Brief descriptive captions
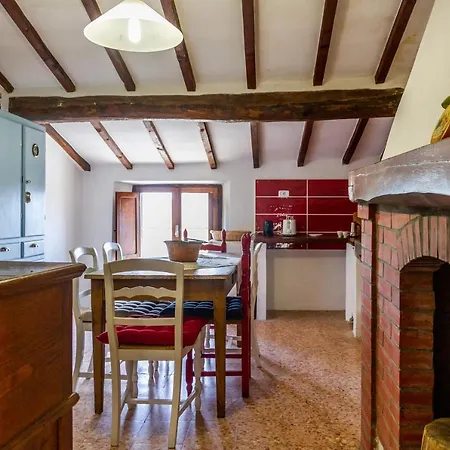 La Casa Di Maffin Apartment *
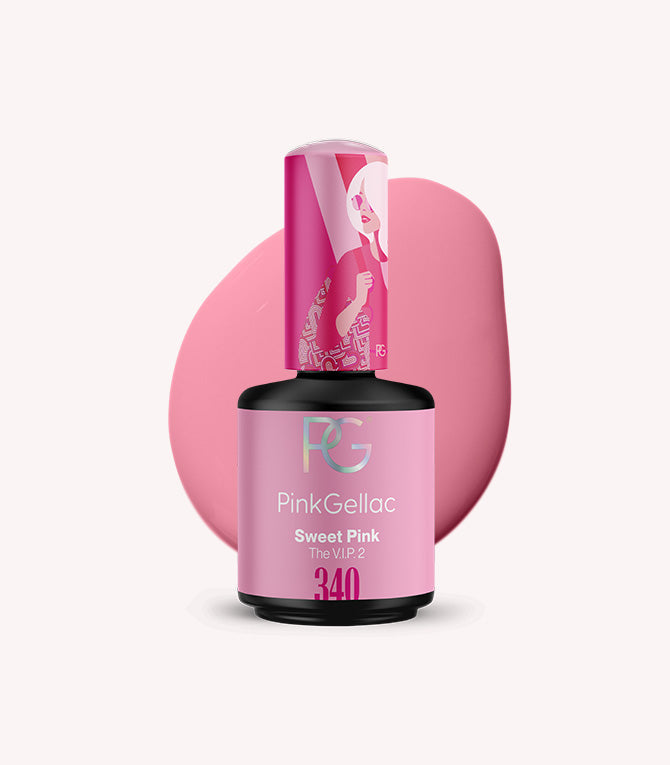 340 Sweet Pink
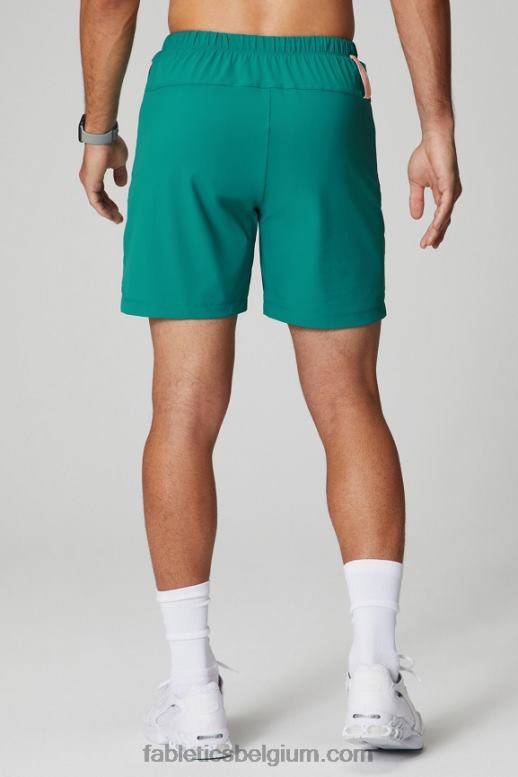 miami getij Heren die ene korte 152 Fabletics LH20J3235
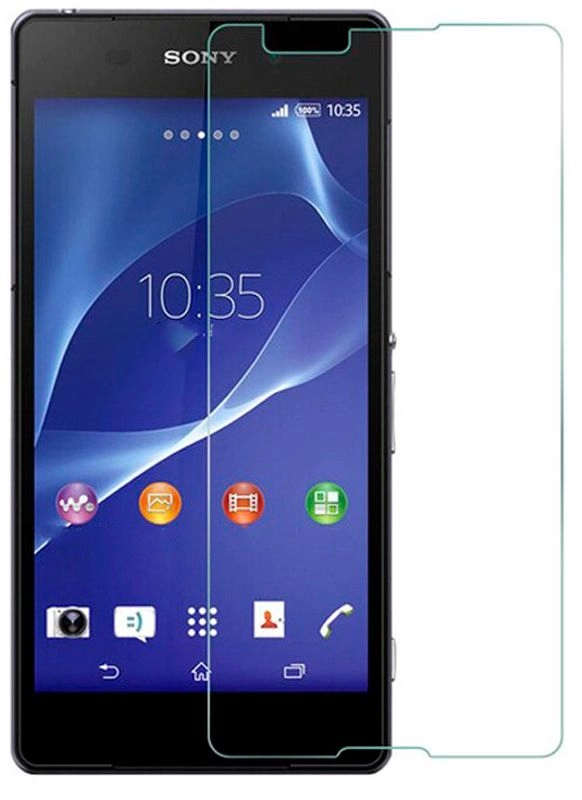 Evelatus Aizsargstikls Evelatus Sony Xperia E4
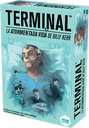 Terminal: La Atormentada Vida de Billy Kerr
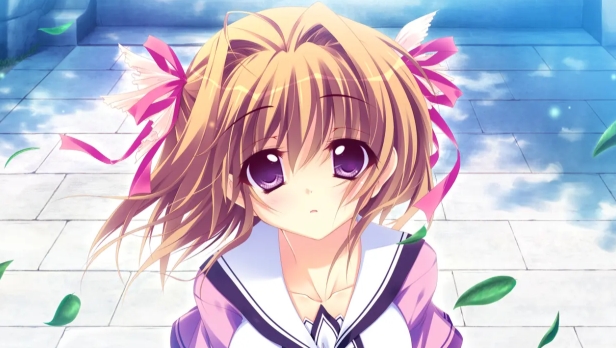 恋花绽放樱飞时截图4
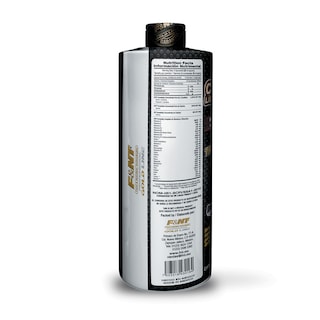 Foto 2 | Carnitina Taurina Cafeína Líquida Food and Nutrition Technologies 500 Ml L-carnitina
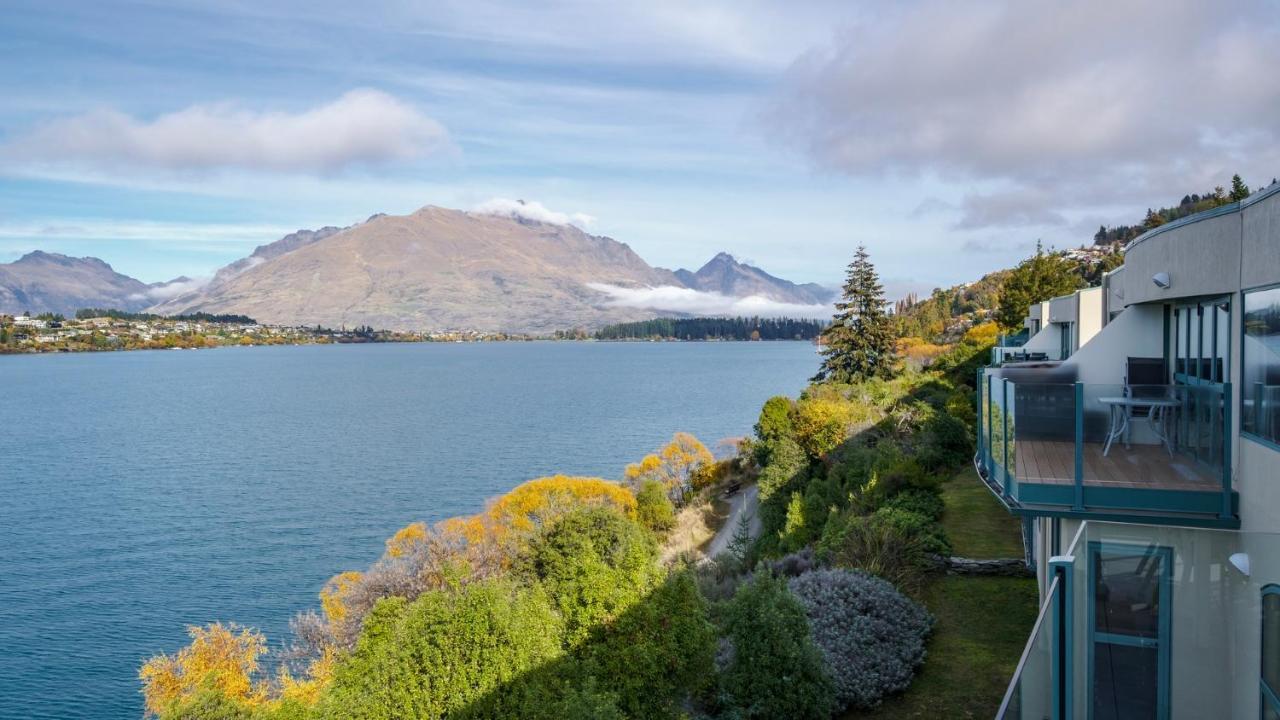 Apartmán Remarkables Retreat 1 Queenstown Exteriér fotografie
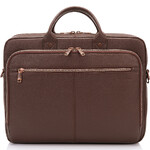 Samsonite Classic Leather 15.6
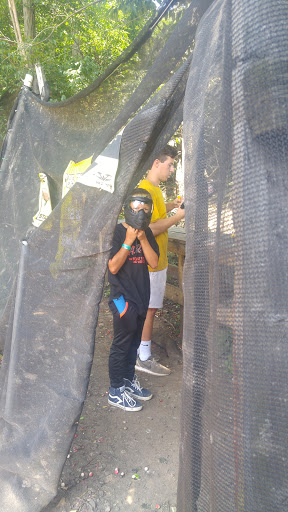 Paintball Center «Crusader Paintball», reviews and photos, Lincoln Hwy, Fairless Hills, PA 19030, USA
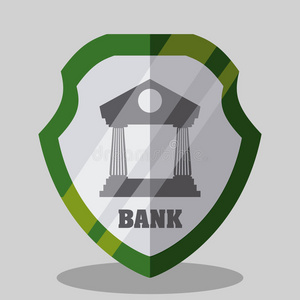 银行设计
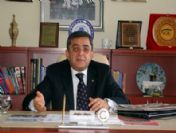 Kırşehir Tso Başkanı Müfit Göçen Erbil`den Döndü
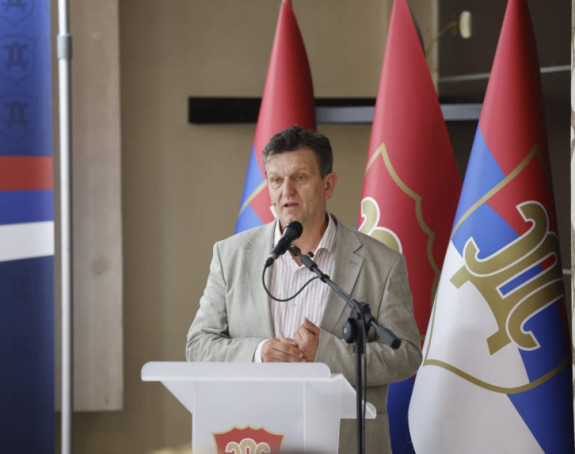 Vrijeme je da se okupimo oko zajedničkog cilja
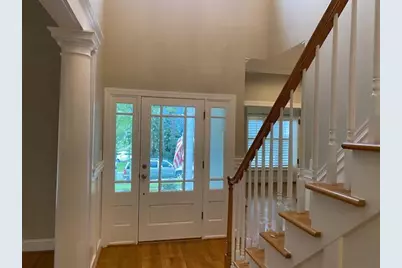1304 Brewer Jackson Court, Wake Forest, NC 27587 - Photo 5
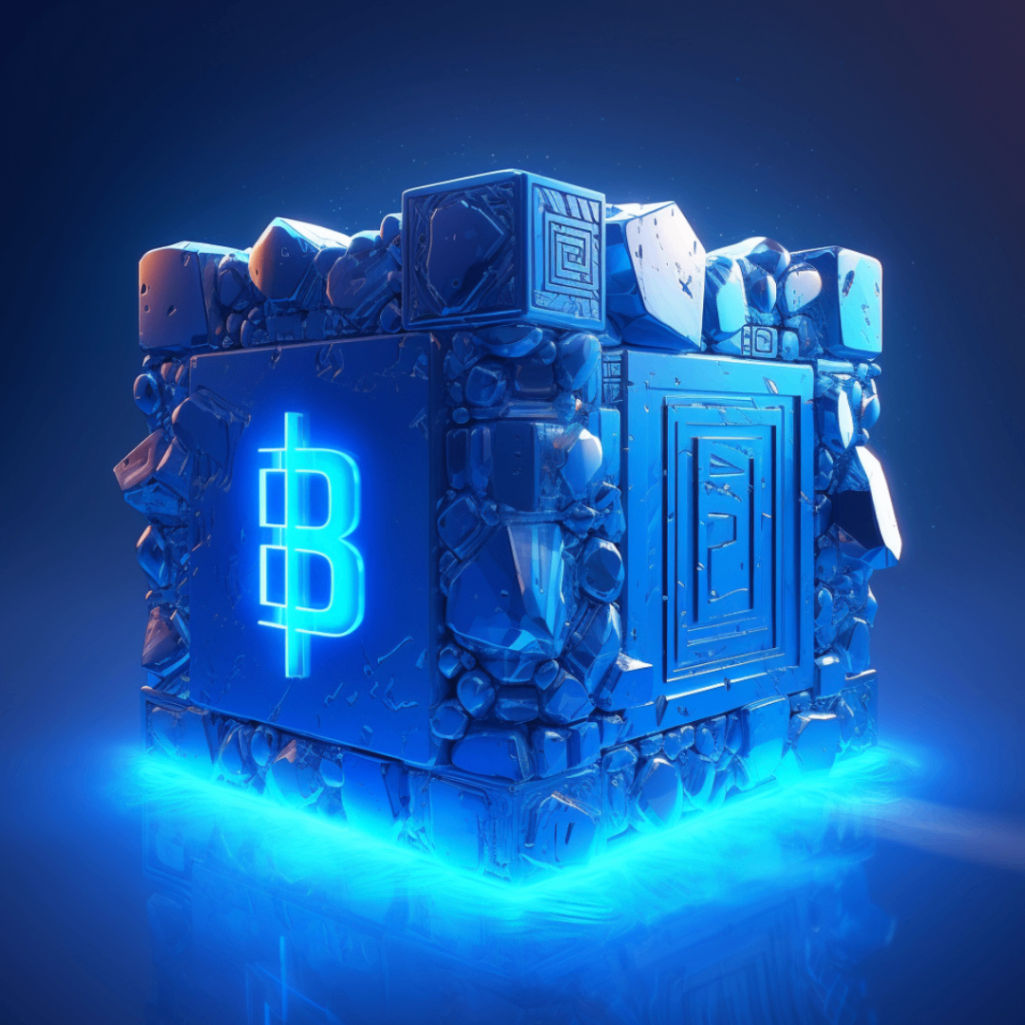 Blueblock's Lens avatar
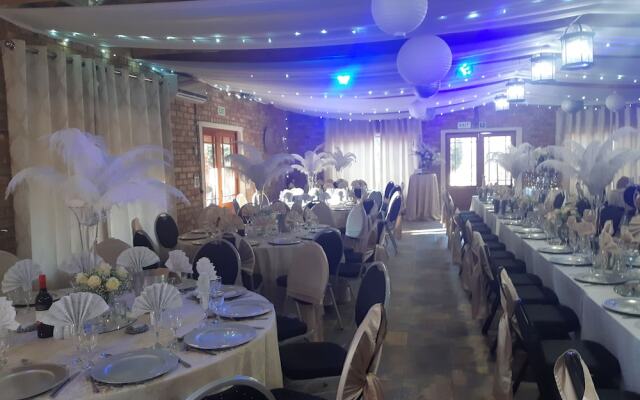 Mannah Executive Hotel and Conference Center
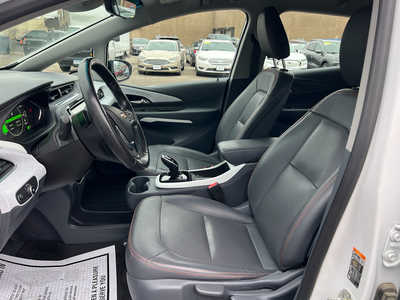 2020 Chevrolet Bolt EV, $16000. Photo 5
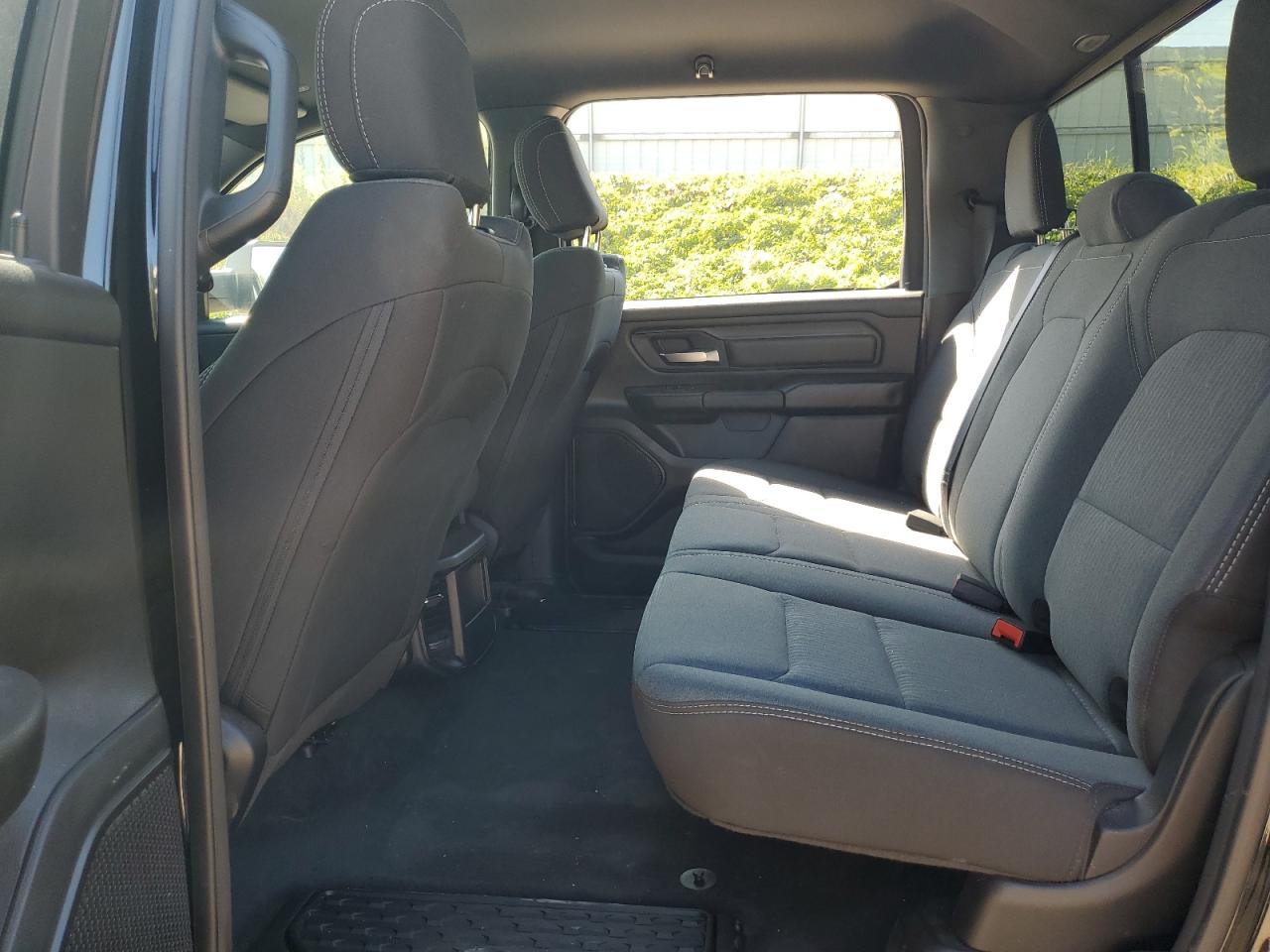 Ram 1500 Tradesman Image 9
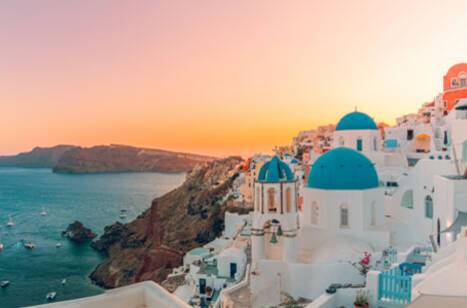 The most popular Greek islands  | ROL Cruise Blog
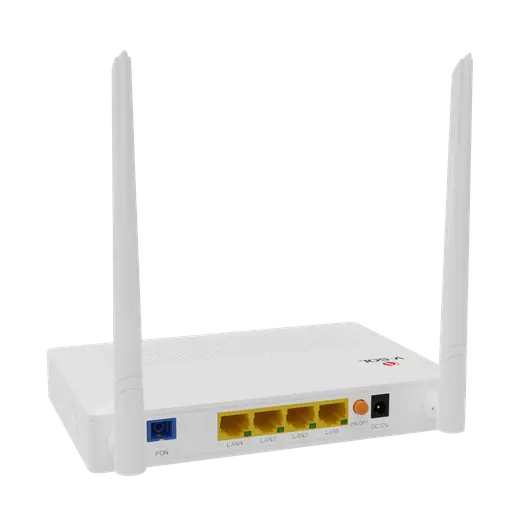 VSOL 4GE+AC1200 WiFi5 x PON ONT - GPON,XPON , Router alternatif görünüm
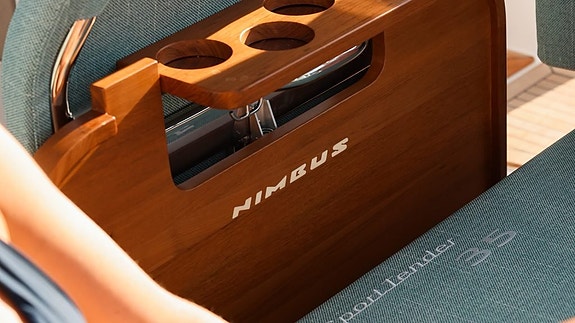 Nimbus Sport Tender 35 - 2027 14 of 30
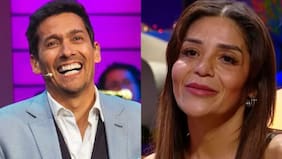 “Como cuando uno se enamora del profesor”: Kathy Orellana y su flechazo con el “Tío conductor” Rafael Araneda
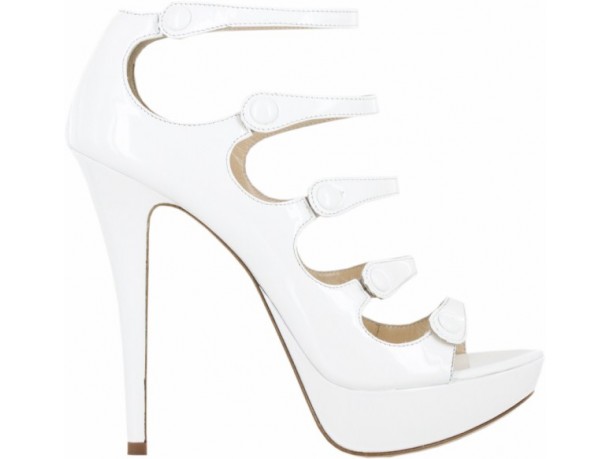 Scarpe Loriblu collezione 2012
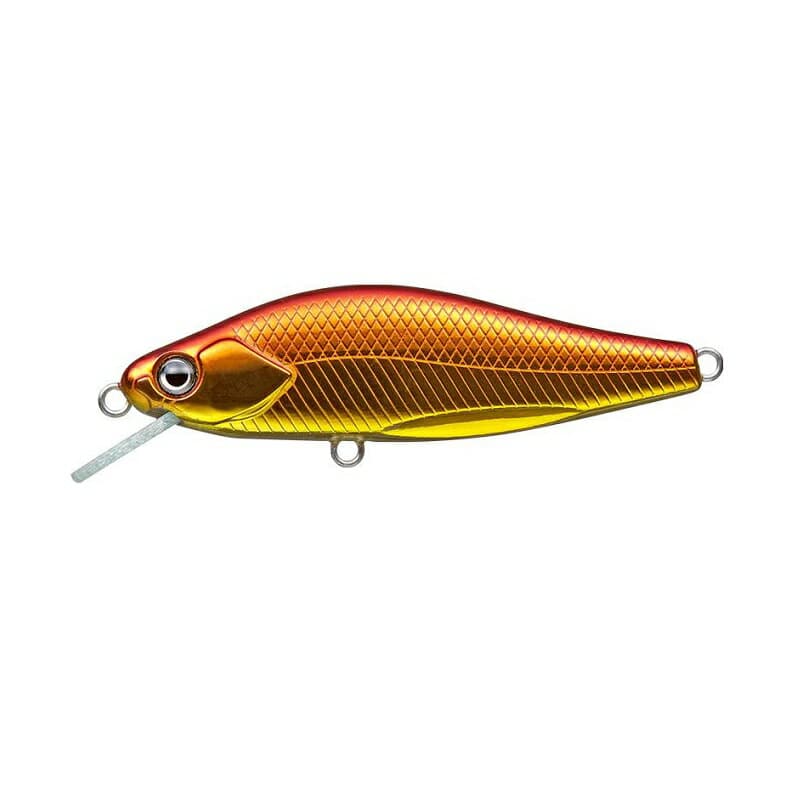 Evergreen Nelmezzo 50FS #14 Aka Kin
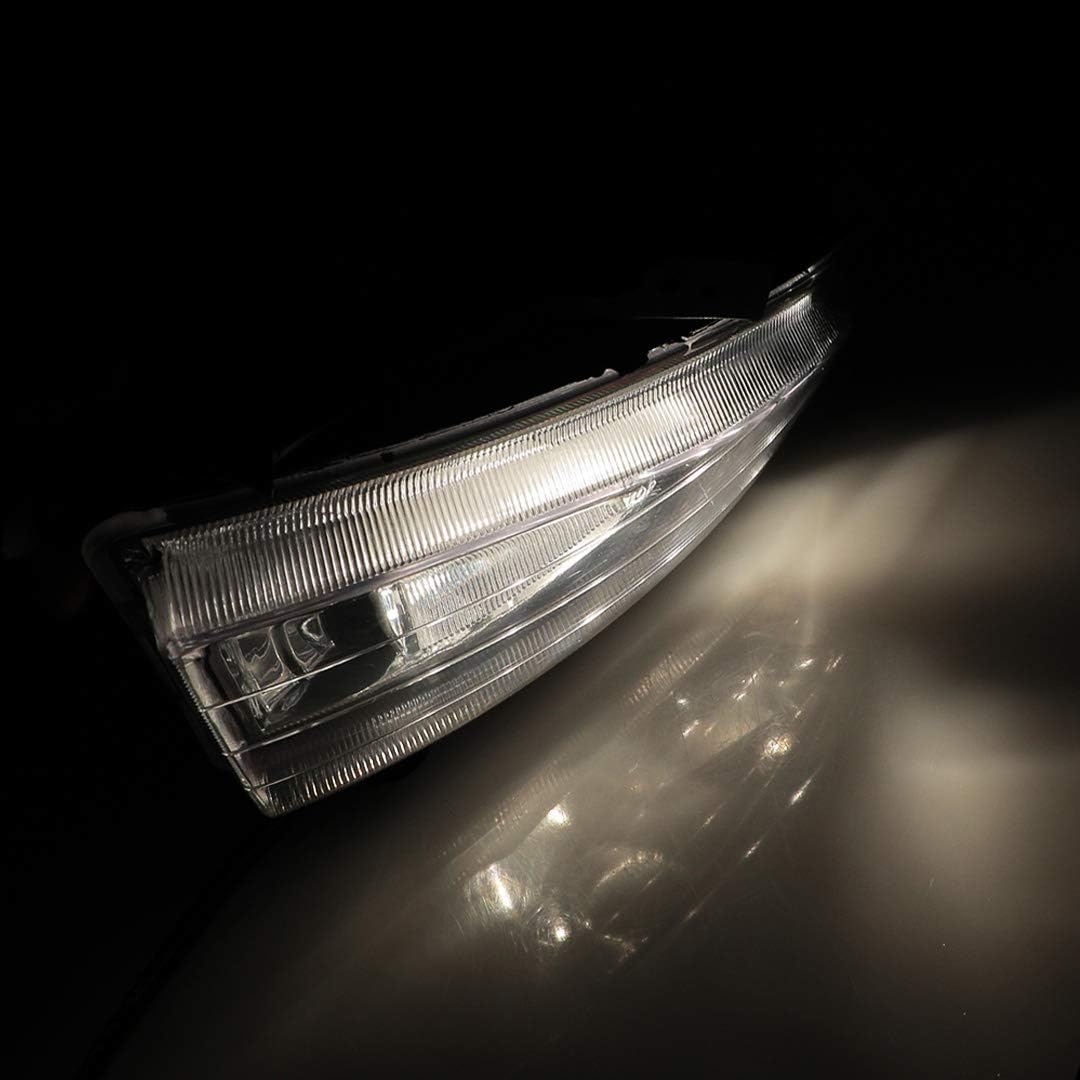 Winjet OEM Series for [2007 2008 2009 2010 Hyundai Elantra] Driving Fog Lights + Switch + Wiring Kit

* **Task description**: Above are some entries; copy exactly the lines from the line with "Samsonite Classic Leather 15.6" through the line with "Blueblock's Lens avatar", both included, but none of the pictures.

* **Worked solution**:
 Samsonite Classic Leather 15.6
 Paintball Center «Crusader Paintball», reviews and photos, Lincoln Hwy, Fairless Hills, PA 19030, USA
 银行设计
 Kırşehir Tso Başkanı Müfit Göçen Erbil`den Döndü
 Vrijeme je da se okupimo oko zajedničkog cilja
1304 Brewer Jackson Court, Wake Forest, NC 27587 - Photo 5
 Blueblock's Lens avatar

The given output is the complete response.